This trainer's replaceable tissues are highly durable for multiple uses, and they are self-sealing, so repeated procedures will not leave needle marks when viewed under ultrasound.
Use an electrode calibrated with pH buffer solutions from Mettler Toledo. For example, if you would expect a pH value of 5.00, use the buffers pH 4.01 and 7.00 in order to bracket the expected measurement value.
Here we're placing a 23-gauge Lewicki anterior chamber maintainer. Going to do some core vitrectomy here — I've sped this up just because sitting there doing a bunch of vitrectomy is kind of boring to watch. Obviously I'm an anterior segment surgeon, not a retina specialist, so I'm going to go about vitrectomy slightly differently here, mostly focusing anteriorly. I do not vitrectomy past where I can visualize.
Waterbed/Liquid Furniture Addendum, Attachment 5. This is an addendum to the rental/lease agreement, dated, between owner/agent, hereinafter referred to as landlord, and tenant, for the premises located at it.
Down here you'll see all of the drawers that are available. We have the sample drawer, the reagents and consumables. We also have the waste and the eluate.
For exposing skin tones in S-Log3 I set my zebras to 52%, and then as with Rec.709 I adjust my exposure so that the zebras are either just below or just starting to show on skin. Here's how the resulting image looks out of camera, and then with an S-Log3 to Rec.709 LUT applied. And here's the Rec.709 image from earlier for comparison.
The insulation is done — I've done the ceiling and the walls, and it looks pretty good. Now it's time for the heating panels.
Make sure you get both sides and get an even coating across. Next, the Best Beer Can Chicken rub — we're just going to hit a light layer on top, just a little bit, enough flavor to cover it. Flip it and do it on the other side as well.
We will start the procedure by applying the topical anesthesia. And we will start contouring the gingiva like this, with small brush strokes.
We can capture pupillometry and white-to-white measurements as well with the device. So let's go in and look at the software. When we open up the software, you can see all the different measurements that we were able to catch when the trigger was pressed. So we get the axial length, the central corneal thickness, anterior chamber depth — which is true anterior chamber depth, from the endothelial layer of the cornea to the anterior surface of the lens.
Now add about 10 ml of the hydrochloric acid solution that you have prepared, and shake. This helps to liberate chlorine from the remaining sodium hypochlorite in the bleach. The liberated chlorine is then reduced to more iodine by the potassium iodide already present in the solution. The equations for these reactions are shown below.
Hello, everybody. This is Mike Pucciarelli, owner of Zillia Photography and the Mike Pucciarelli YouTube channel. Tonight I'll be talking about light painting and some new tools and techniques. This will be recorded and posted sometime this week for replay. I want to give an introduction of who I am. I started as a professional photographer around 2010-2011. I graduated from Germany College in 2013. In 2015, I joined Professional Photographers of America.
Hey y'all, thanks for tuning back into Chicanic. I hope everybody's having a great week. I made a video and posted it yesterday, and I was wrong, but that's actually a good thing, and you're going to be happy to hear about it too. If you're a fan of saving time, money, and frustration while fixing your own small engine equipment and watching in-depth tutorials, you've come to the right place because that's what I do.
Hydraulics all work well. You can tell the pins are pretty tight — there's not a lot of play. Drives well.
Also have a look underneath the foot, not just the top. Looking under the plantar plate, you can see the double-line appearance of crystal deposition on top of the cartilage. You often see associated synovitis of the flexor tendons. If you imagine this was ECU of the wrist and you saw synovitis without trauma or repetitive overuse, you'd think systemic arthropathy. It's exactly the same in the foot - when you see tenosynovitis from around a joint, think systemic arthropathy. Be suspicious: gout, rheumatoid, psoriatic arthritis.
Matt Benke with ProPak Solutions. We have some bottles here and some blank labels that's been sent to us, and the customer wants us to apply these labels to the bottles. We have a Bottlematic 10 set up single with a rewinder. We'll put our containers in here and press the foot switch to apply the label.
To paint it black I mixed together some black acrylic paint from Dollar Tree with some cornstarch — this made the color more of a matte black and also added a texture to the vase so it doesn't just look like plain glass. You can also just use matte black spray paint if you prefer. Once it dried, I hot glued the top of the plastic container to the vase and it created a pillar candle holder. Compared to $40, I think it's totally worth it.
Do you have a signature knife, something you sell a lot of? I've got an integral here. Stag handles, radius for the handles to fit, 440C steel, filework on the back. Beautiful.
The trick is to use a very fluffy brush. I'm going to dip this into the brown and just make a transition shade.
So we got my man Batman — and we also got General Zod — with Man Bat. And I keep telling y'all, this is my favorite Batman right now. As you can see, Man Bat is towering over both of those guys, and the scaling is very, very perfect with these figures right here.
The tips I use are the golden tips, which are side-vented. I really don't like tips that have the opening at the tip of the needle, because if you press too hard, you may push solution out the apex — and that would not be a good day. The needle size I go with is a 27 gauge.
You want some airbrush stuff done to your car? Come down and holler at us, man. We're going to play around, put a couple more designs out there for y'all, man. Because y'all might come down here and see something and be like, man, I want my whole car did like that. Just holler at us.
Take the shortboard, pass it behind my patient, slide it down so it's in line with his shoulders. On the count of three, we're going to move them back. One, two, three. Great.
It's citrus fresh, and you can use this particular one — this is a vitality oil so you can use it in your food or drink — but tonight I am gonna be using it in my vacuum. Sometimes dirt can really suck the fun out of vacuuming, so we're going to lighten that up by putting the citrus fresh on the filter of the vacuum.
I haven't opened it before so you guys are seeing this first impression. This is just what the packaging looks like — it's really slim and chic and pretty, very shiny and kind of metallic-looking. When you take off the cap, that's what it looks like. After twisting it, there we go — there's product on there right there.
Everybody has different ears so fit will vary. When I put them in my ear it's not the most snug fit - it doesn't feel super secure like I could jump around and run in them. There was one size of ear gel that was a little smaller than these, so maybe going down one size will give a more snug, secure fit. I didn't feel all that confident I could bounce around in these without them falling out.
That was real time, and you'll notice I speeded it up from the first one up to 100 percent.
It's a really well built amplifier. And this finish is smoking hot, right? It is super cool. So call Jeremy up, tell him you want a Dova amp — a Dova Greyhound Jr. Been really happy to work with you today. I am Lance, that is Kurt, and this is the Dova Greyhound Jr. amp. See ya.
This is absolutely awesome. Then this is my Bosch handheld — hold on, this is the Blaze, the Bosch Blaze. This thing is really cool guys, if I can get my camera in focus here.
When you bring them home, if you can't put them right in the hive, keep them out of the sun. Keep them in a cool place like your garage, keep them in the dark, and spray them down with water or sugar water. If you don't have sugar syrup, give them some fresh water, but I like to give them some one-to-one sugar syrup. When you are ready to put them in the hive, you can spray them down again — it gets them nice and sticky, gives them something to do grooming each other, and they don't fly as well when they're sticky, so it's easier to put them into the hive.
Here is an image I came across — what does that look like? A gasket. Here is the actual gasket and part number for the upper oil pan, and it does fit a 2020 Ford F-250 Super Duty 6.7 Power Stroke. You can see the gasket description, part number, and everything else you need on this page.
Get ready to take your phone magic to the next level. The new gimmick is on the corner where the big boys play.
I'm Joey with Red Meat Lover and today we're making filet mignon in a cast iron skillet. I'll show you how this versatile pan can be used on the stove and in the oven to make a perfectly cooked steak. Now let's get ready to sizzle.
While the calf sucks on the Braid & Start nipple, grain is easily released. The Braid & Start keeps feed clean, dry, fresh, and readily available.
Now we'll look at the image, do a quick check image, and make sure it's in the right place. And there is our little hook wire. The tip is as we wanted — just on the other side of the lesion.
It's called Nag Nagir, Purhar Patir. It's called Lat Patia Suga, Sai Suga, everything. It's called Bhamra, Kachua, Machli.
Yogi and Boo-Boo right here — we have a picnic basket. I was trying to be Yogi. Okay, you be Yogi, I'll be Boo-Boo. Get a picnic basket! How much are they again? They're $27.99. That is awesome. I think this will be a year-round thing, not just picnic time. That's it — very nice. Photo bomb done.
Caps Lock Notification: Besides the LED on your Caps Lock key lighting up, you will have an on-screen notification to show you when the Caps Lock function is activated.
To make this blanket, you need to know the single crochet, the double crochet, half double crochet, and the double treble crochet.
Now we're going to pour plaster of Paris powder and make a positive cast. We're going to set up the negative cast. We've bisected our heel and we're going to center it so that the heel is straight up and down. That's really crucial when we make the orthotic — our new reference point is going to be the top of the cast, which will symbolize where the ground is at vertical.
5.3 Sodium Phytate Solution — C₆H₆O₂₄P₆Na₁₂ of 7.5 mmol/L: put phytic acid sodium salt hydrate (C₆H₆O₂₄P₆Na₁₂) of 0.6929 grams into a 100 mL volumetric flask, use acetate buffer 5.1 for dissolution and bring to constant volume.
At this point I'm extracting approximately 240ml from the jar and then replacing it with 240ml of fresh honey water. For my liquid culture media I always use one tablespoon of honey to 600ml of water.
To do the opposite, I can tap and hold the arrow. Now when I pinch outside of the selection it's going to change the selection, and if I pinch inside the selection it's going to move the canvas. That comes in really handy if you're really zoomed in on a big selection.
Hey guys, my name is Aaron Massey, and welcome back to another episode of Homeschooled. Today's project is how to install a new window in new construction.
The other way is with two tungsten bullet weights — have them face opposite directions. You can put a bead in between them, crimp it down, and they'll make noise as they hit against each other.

◆ About this exercise ◆
Using the records above, copy word for word the line with "Hey y'all, thanks", the line with "Hydraulics all work", and every line between them.

◆ Answer space ◆
Hey y'all, thanks for tuning back into Chicanic. I hope everybody's having a great week. I made a video and posted it yesterday, and I was wrong, but that's actually a good thing, and you're going to be happy to hear about it too. If you're a fan of saving time, money, and frustration while fixing your own small engine equipment and watching in-depth tutorials, you've come to the right place because that's what I do.
Hydraulics all work well. You can tell the pins are pretty tight — there's not a lot of play. Drives well.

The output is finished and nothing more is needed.